Differential modifications to protein termini are specified with their own modification_protC and modification_protN parameters. These parameters need only the differential mass as values. It is possible to specify more than one differential protein modification with multiple instances of these parameters.

Fixed modifications are changes to the mass values that are applied to all instances of the specified amino acids and termini. The syntax for fixed modifications to peptides is identical to the syntax for differential modifications, except the parameter is named fixed_modification. The amino acid is specified in upper case. The peptide c-terminus or n-terminus is specified with lowercase ‘c’ or ‘n’, respectively. Add multiple fixed_modification lines to the Kojak configuration file to indicate multiple mass differences in the analysis.

Like the differential modifications to protein termini, fixed modifications can also be specified to the protein c-terminus or n-terminus. Use fixed_modification_protC and fixed_modification_protN to specify these mass differences. These parameters need only the mass as values.

To summarize, parameters to indicate modifications have been expanded from two to six. Under the new rules, there are specific ways to indicate the mass differences be applied to the peptides and peptide termini, or the protein termini. All mass values are in addition to the existing default amino acid values. There are no special characters (e.g. $ and @) to specify termini. Use lowercase ‘c’ and ‘n’ to specify peptide termini modifications, or the appropriate protein termini modification parameters.

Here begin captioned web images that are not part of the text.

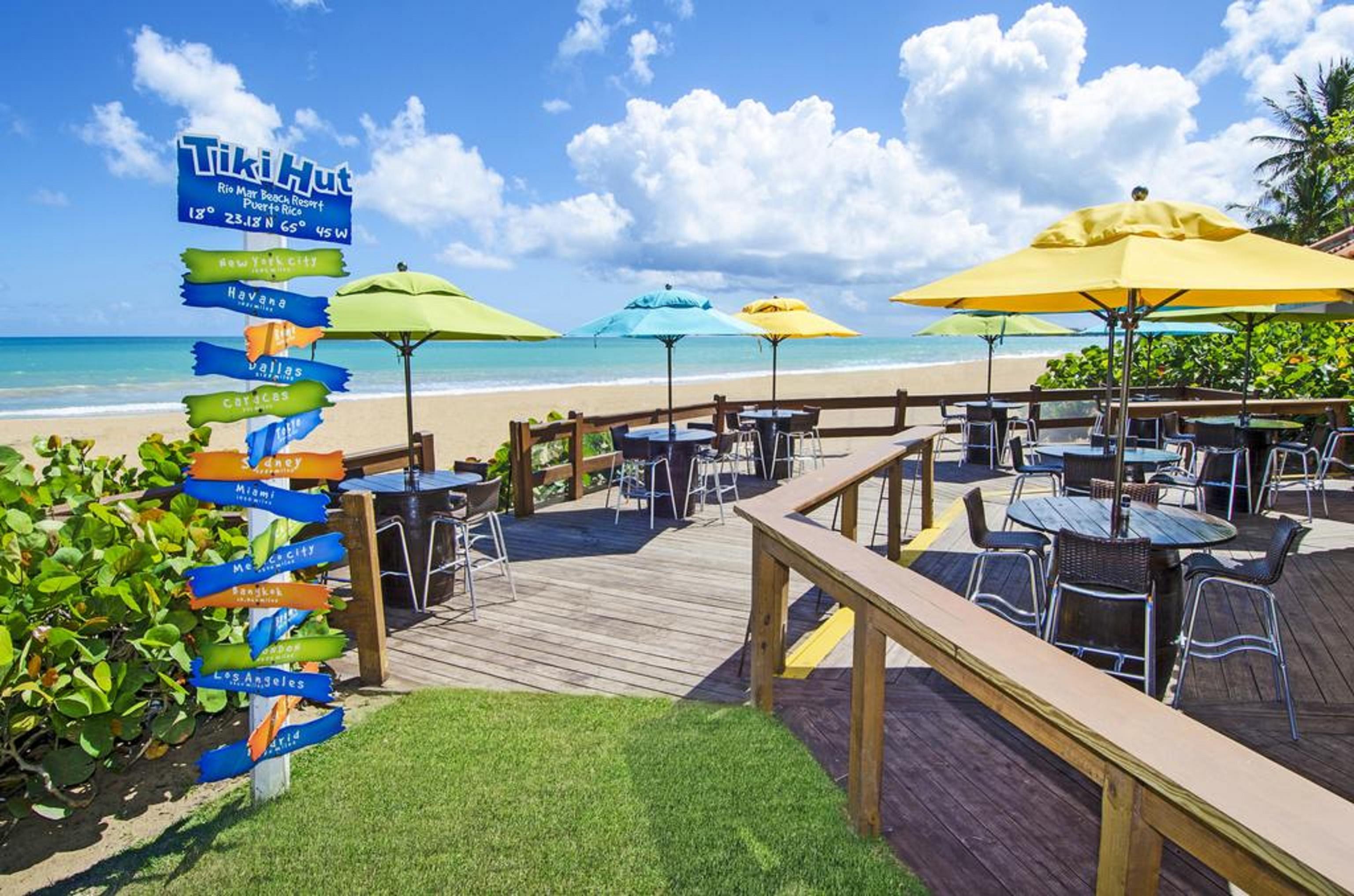Margaritaville Vacation Club - Rio Mar Río Grande Eksteriør bilde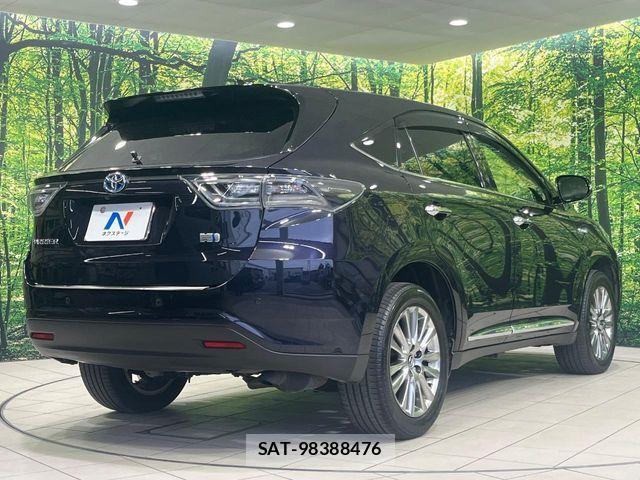Toyota HARRIER HYBRID 2015-01 6906011-17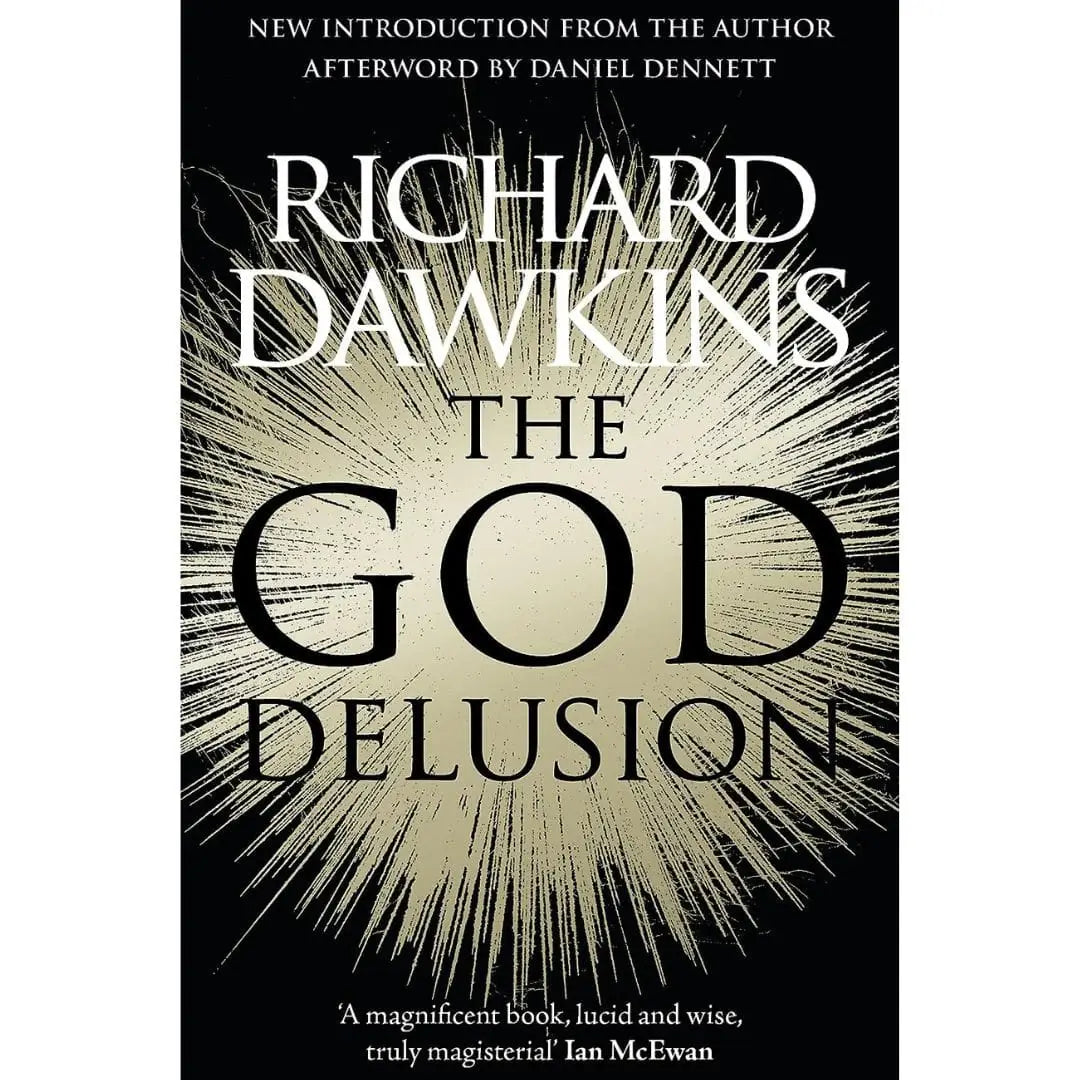 The God Delusion by Richard Dawkins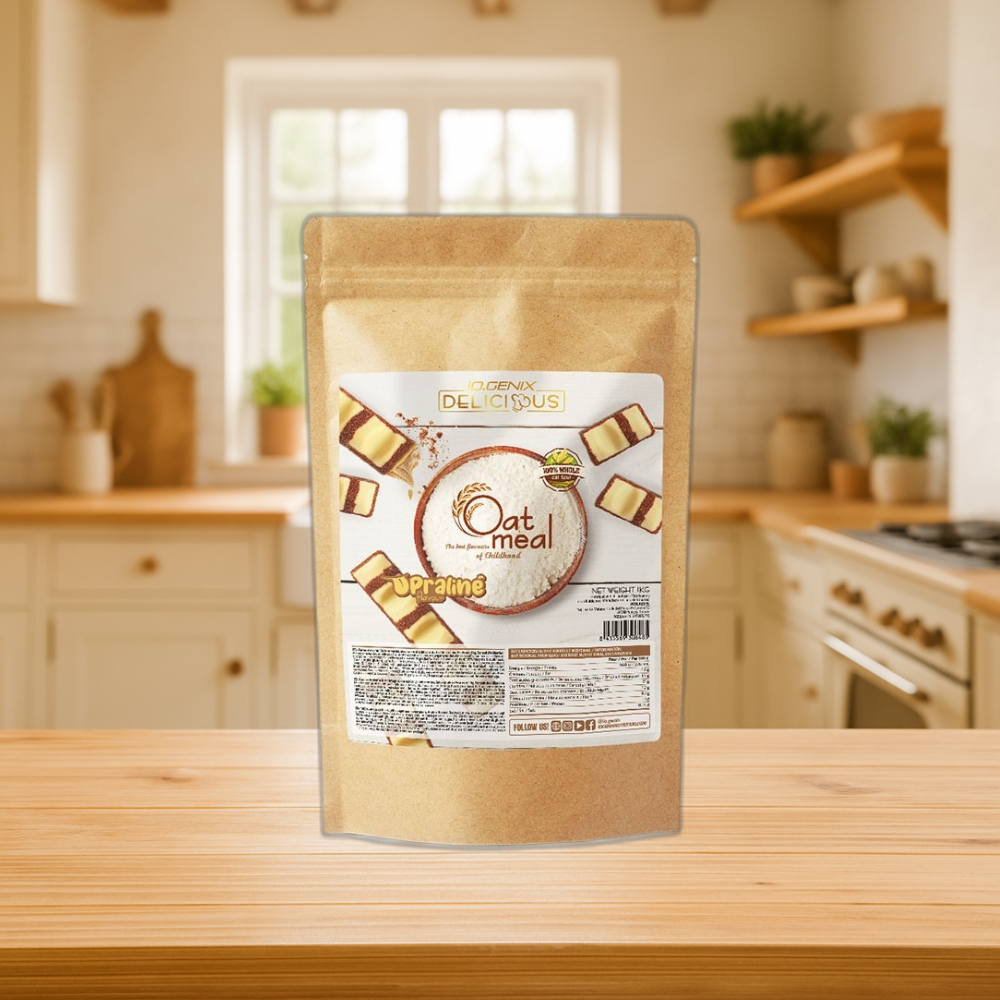 IO GENIX / Oat Meal (Farine d'avoine)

Chemical cross-linkers pose a special case. They frequently target multiple sites at the protein level (multiple amino acids and the protein termini). Cross-linker that binds on only one side (hydrolyzing on the other side) can therefore create a diverse set of differential modifications to search for. Rather than list all possibilities as a large set of modification parameters, Kojak has a simple shortcut: the mono_link parameter. This parameter accepts a set of amino acid characters. It also accepts ‘c’ or ‘n’ to specify the protein C-terminus or N-terminus, respectively. The final value is the differential mass to apply. This is a very convenient shortcut. For example, by specifying “mono_link = cDE -0.9837153”, the necessary parameters to define an EDC mono-link has been reduced from three differential modification parameters to a single mono_link parameter.